Keanu Reeves tem poucas aparições, mas sua presença é consistente e importante, afinal, ele é um elo de esperança para Ellen e os demais pacientes. O personagem não é apenas um médico que está ali para receitar remédios e passar a mão na cabeça dizendo que tudo ficará bem. Beckham deixa que a protagonista chegue até o fundo do poço para mostrar como a vida tem a sua importância. Há uma cena, em particular, que ele leva os pacientes para um passeio e é neste momento que ele afirma que certos detalhes podem trazer paz e vontade de viver, que deixar a vida escapar por entre os dedos é um caminho sem volta.

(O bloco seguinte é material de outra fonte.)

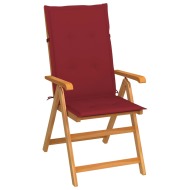 vidaXL Záhradná stolička s vínovočervenými podložkami tíkový masív - cena, porovnanie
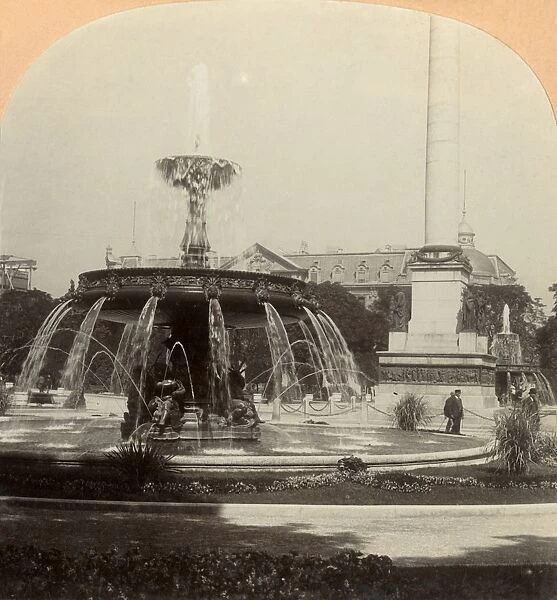 Royal Square, Fountain, Stuttgart, Germany, 1896. Creator: Keystone View Company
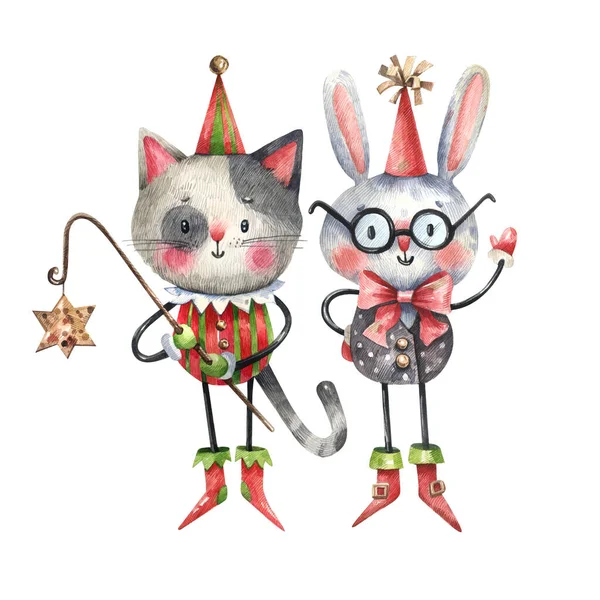 Kedi Tavşanın Yeni Yıl Kostümleri Suluboya Resimlerini Beyaz Arka Planda — Stok fotoğraf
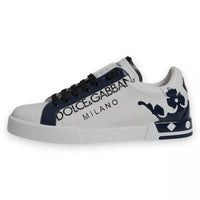 Dolce & Gabbana White Blue Leather Crown Milano Sneakers Shoes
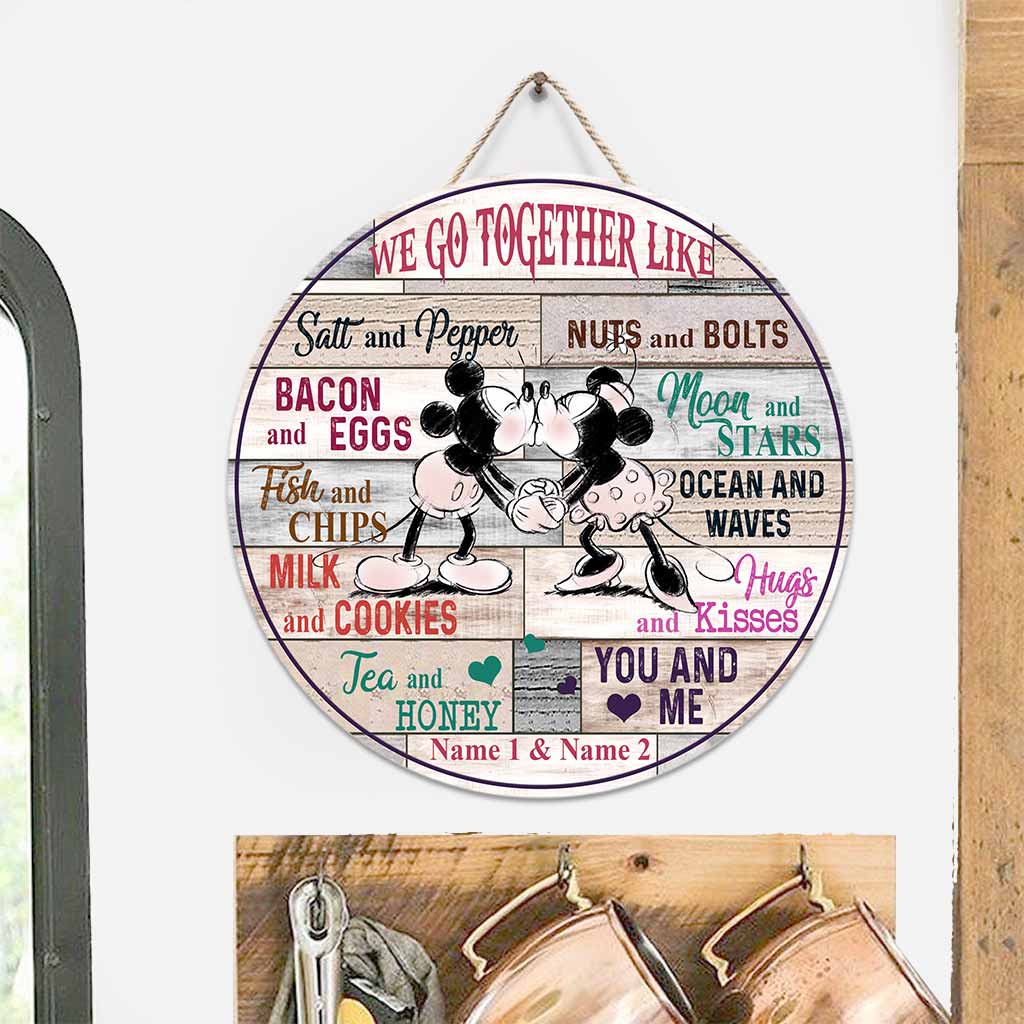 We Go Together - Personalized Couple Mouse Round Wood Sign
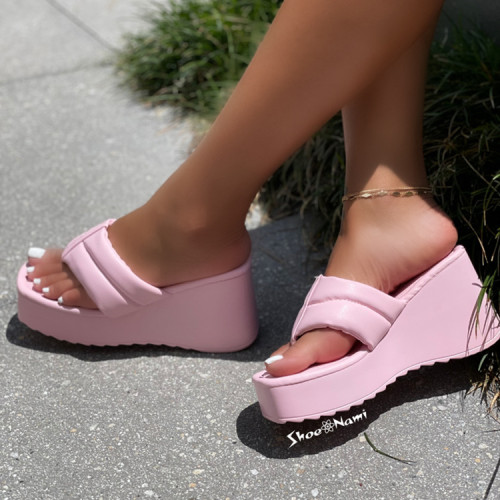Leather toe slope and thick sole cool mop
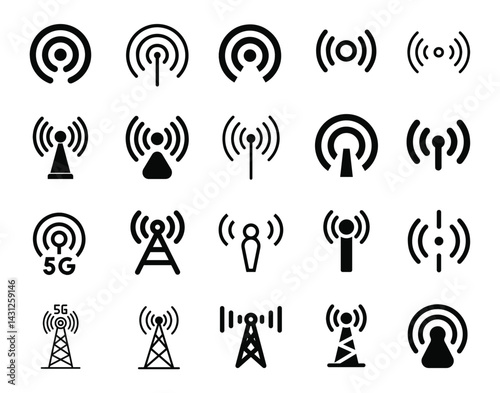Vector Pack of Mobile Network Icons – A clean and modern set of high-quality icons representing mobile network features, perfect for digital design and communication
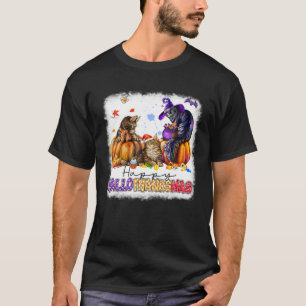 T-shirt Hallothanksmas Chats Citrouille Halloween Thanksgi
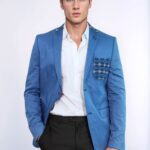 Double Buttons Knit Collar Mono Lapel Lgiht Blue Jacket-Wessi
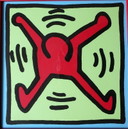 Zeldzame multiple van Keith Haring, zeefdruk, klok, achter glas, houten frame, Playboy figuren 1996, gelimiteerde oplage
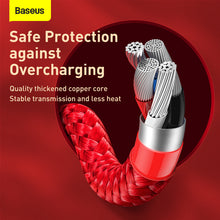 Заредете изображение във визуализатора на галерията – Baseus Cable Year of the Tiger 3 in 1 - USB to Type C, Lightning, Micro USB - 3,5A 1,2 metres (CASX010009) red
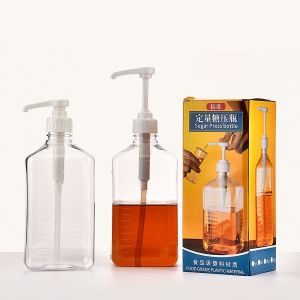 1600ML Syrup Bee Drip Bottle with Hydraulic Pump and Nozzle Kitchen Bar Liquid Container with Scale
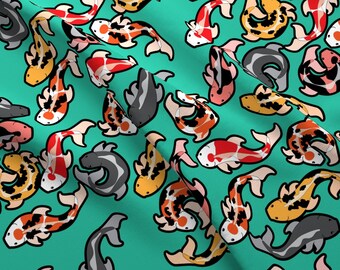 Kawaii Koi Fabric - Koi Fabric By Thickblackoutline - Kawaii Koi Fish Cotton Fabric By The Yard With Spoonflower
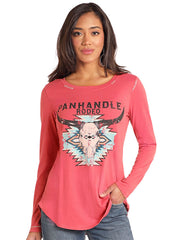 Panhandle LW22T04628 Ladies Long Sleeve Graphic Swing Top Pink front view. If you need any assistance with this item or the purchase of this item please call us at five six one seven four eight eight eight zero one Monday through Saturday 10:00a.m EST to 8:00 p.m EST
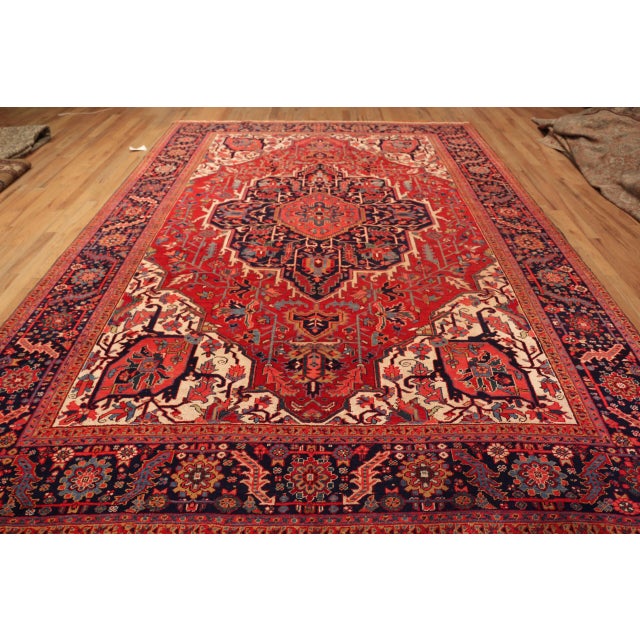 Traditional Nazmiyal Collection Antique Persian Heriz Rug For Sale - Image 3 of 8
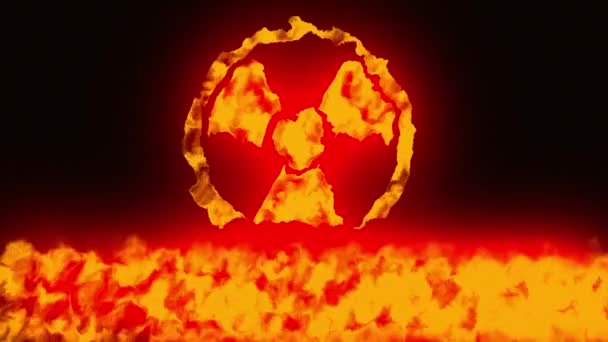 Radioactive Contamination Warning Symbol Burning Flames Background Animation — Vídeo de stock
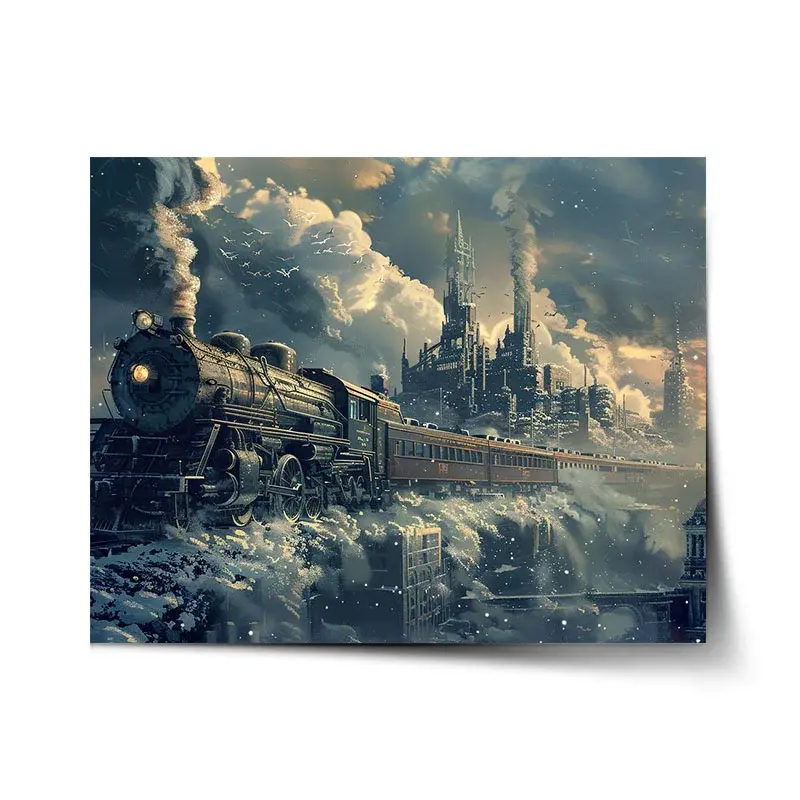 Plakát Parní lokomotiva v zasněženém městě - 90x60 cm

Mesmo com pontos positivos, o filme dá um pequeno tropeço ao não trazer explicações mais consistentes a respeito da anorexia, como por exemplo: porque durante as refeições, cada um come o que quer, seja um doce até um prato de arroz, feijão e salada? Neste caso, o importante é que o anoréxico ingira alguma coisa? Ou cada um tem o cardápio adequado para ganhar peso e recuperar os nutrientes que o corpo necessita? O egoísmo faz parte do quadro de características de um anoréxico? Posso estar completamente errada ao dizer isso, mas a personagem Ellen mostra ser egoísta em alguns momentos. As dúvidas que surgem ao longo do filme poderiam ter sido respondidas nas cenas em que o grupo se reúne para a reunião de terapia. Essa é apenas uma observação minha. Pode ser que outros vejam essa situação em outro ângulo.
Filme contém gatilhos
Logo no começo do filme, há um aviso dizendo que contêm cenas que podem servir de gatilho, principalmente para as pessoas que estão passando pelo mesmo problema retratado. O Mínimo Para Viver faz questão de mostrar possíveis comportamentos que um anoréxico pode ter: contar as calorias de todos os alimentos presentes no prato; vomitar sem ninguém ver; mastigar a comida e cuspir; praticar exercícios intensos ao ponto de se machucar; medir o tamanho do corpo, entre outros. Por um lado, é interessante mostrar a verdade nua e crua de uma doença como essa; mas por outro, é preciso ter cuidado, afinal, pessoas que sofrem dessa condição ou tendem a se inclinar para esse caminho podem aprender com esses gatilhos, o que pode tornar o filme negativo.
Considerações finais
O Mínimo Para Viver aborda um tema polêmico de forma simples, real e gradativa, fugindo do clichê em trazer uma resolução e, sim, mostrando a verdade nua e crua do problema. O filme contêm alguns gatilhos que devem ser levados em consideração: se você for sensível ao problema ou estiver passando por isso, melhor não assistir. Mesmo com um bom roteiro e boas interpretações, o filme poderia ter aprofundando mais em alguns pontos sobre a doença, mas isso não prejudica o filme. Vale a pena assistir? Vale sim. Só não vale romantizar. Aliás, romantizar qualquer tipo de doença não é legal e nem correto.
Ficha Técnica
O Mínimo Para Viver (To the Bone)
Direção: Martin Noxon
Elenco: Lily Collins, Keanu Reeves, Carrie Preston, Lily Taylor, Alex Sharp, Liana Liberato, Alanna Ubach, Ciara Bravo, Kathryn Prescott, Brooke Smith e Retta.